- Born: José Herrera Aguilera 27 October 1909 Guadalajara, Spain
- Died: 7 February 1977 Geneva
- Occupation: Writer
- Movement: Generation of '36
- Spouse: Carmen Soler Llopis
- Father: Emilio Herrera Linares
- Honours: Concurso Nacional de la Literatura (1938)

= José Herrera Petere =

Spanish writer

José Herrera Aguilera (1909–1977), better known as José Herrera Petere, was a Spanish writer of the Generation of '36. Herrera was known primarily as a poet, writing in both Spanish and French, but he also wrote novels and theatre.

==Biography==
Herrera was born in Guadalajara, Spain, in 1909. His father was the military engineer and physicist Emilio Herrera Linares. His chosen additional surname, Petere, was a nickname from his childhood. He attended the Colegio del Pilar and later the Central University of Madrid.

At the outbreak of the Spanish Civil War in 1936, Herrera, who was a communist enlisted in the Fifth Regiment to fight against Francisco Franco. As a soldier, he continued to actively write poetry, much of which he published before the war had ended. His novel Acero de Madrid won the 1938 Premio Nacional de la Literatura.

After the defeat of the Second Spanish Republic, Herrera and many other Spanish republicans fled to France and later to Mexico, where he stayed in both the Federal District and Cuernavaca, Morelos. In Mexico he published two volumes of poetry and contributed to a range of publications, including Octavio Paz's literary journal Taller and the daily newspaper El Nacional.

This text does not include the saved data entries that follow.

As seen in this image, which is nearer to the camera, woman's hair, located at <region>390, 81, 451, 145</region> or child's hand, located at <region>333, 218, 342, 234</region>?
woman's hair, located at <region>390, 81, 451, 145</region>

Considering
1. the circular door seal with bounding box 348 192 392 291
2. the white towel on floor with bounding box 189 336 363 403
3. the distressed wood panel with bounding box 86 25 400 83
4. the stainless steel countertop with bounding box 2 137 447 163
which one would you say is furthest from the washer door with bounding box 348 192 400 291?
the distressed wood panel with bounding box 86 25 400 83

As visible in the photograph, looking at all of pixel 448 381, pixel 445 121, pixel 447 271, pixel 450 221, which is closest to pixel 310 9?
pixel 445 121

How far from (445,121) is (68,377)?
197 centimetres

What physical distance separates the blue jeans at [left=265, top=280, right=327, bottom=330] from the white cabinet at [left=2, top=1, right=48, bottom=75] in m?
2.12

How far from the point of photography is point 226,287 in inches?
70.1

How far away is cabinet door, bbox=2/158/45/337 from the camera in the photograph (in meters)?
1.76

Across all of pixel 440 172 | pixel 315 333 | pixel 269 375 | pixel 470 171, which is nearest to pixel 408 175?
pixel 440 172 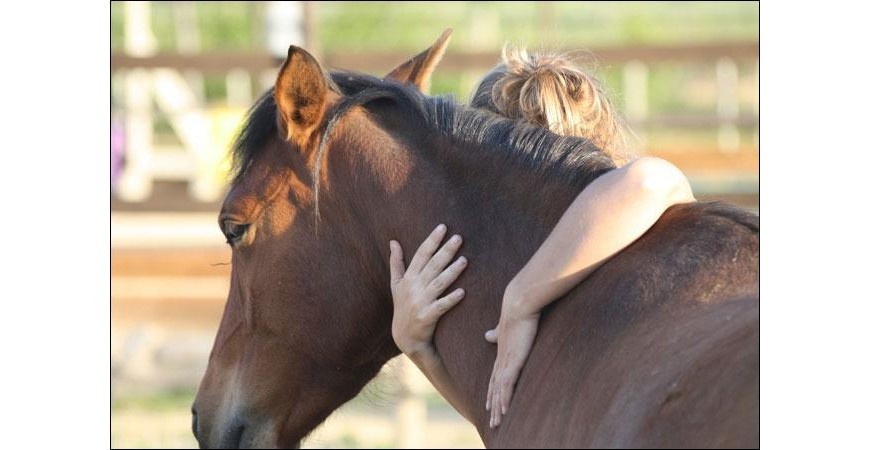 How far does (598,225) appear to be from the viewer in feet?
6.93

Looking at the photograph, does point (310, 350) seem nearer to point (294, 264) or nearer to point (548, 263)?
point (294, 264)

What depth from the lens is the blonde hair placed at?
2559 mm

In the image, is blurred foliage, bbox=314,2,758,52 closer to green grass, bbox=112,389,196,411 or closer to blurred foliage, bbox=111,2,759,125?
blurred foliage, bbox=111,2,759,125

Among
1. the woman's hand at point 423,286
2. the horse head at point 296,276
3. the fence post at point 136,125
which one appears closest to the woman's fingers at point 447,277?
the woman's hand at point 423,286

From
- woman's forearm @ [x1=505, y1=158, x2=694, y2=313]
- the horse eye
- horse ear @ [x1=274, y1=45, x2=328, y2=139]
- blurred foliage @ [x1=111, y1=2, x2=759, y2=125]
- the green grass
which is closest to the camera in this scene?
woman's forearm @ [x1=505, y1=158, x2=694, y2=313]

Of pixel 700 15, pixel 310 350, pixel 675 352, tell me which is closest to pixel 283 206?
pixel 310 350

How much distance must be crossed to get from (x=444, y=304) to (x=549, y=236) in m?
0.35

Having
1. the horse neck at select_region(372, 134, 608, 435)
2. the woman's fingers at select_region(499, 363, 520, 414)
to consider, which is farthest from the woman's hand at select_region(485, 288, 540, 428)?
the horse neck at select_region(372, 134, 608, 435)

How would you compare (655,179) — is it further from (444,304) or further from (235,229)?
(235,229)

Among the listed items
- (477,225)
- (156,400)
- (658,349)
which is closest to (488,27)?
(156,400)

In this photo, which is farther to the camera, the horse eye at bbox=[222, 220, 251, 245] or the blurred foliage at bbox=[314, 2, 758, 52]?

In 1947 Herrera was hired as an editor/translator by the International Labour Organization and moved to Geneva, where in addition to his duties as an international civil servant, he continued to write and publish his literary work.

Herrera died in Geneva in 1977 at the age of 67. In 2010, his and his wife's remains were relocated to his hometown of Guadalajara.